In other words, with umask 555 you are removing the read ( 4 ) and executable ( 1 ) bit from default file mode ( 6 ) which brings us to the ( 2 ), because in a 6 we only have a 4 and 2 to remove (not any 1):

6  =  4   +   2

You removal only effects the 4, so the file ends up with 222.

In binary

Think of it in binary:

1 -> 001

2 -> 010

3 -> 011

4 -> 100

5 -> 101

6 -> 110

7 -> 111

File default mode is 666 (110 110 110), and our umask value is 555 (101 101 101):

  Decimal title  ->         421 421 421

  666 in binary  ->         110 110 110

- 555 in binary  ->       - 101 101 101

                           _____________

                            010 010 010

                             2   2   2

                            -w- -w- -w-

See? we ended up to the -w-w-w-, or 222.

The result umask value is mask & 0777 (bit wise and)

When mask is 0555

Than 0555 & 0777 result with 0222

nixCraft understanding-linux-unix-umask-value-usage

Task: Calculating The Final Permission For FILES

You can simply subtract the umask from the base permissions to
determine the final permission for file as follows:

666 – 022 = 644



File base permissions : 666

umask value : 022

subtract to get permissions of new file (666-022) : 644 (rw-r–r–)
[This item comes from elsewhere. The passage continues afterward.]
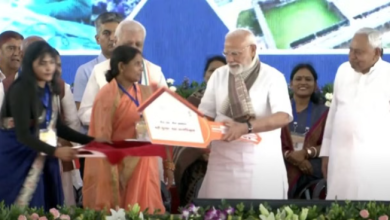 Photo of 13000 करोड़ की विकास योजनाओं की सौगात देने के बाद पीएम मोदी ने दिलाई लालटेन राज की याद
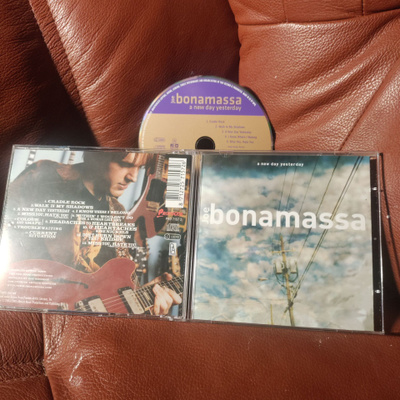 JOE BONAMASSA- a new day yesterday CD.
Task: Calculating The Final Permission For DIRECTORIES

You can simply subtract the umask from the base permissions to
determine the final permission for directory as follows:

777 – 022 = 755



Directory base permissions : 777

umask value : 022

Subtract to get permissions of new directory (777-022) : 755 (rwxr-xr-x)

The source of the difference between touch file and mkdir dir:

Note: as specify in this Unix Q&A

how the permission bits are hard-coded into the standard utilities.
Here are some relevant lines from two files in the coreutils package
that contains the source code for both touch(1) and mkdir(1),
among others:

mkdir.c:

if (specified_mode)

   {   

     struct mode_change *change = mode_compile (specified_mode);

     if (!change)

       error (EXIT_FAILURE, 0, _("invalid mode %s"),

              quote (specified_mode));

     options.mode = mode_adjust (S_IRWXUGO, true, umask_value, change,

                                  &options.mode_bits);

     free (change);

   }   

  else

    options.mode = S_IRWXUGO & ~umask_value;

}   

In other words, if the mode is not specified, set it to S_IRWXUGO
(read: 0777) modified by the umask_value.

touch.c is even clearer:

int default_permissions =

  S_IRUSR | S_IWUSR | S_IRGRP | S_IWGRP | S_IROTH | S_IWOTH;

That is, give read and write permissions to everyone (read: 0666),
which will be modified by the process umask on file creation, of
course.

You may be able to get around this programmatically only: i.e. while
creating files from within either a C program, where you make the
system calls directly or from within a language that allows you to
make a low-level syscall (see for example Perl's sysopen under
perldoc -f sysopen).

man umask

umask() sets the calling process's file mode creation mask (umask) to
mask & 0777 (i.e., only the file permission bits of mask are used),
and returns the previous value of the mask.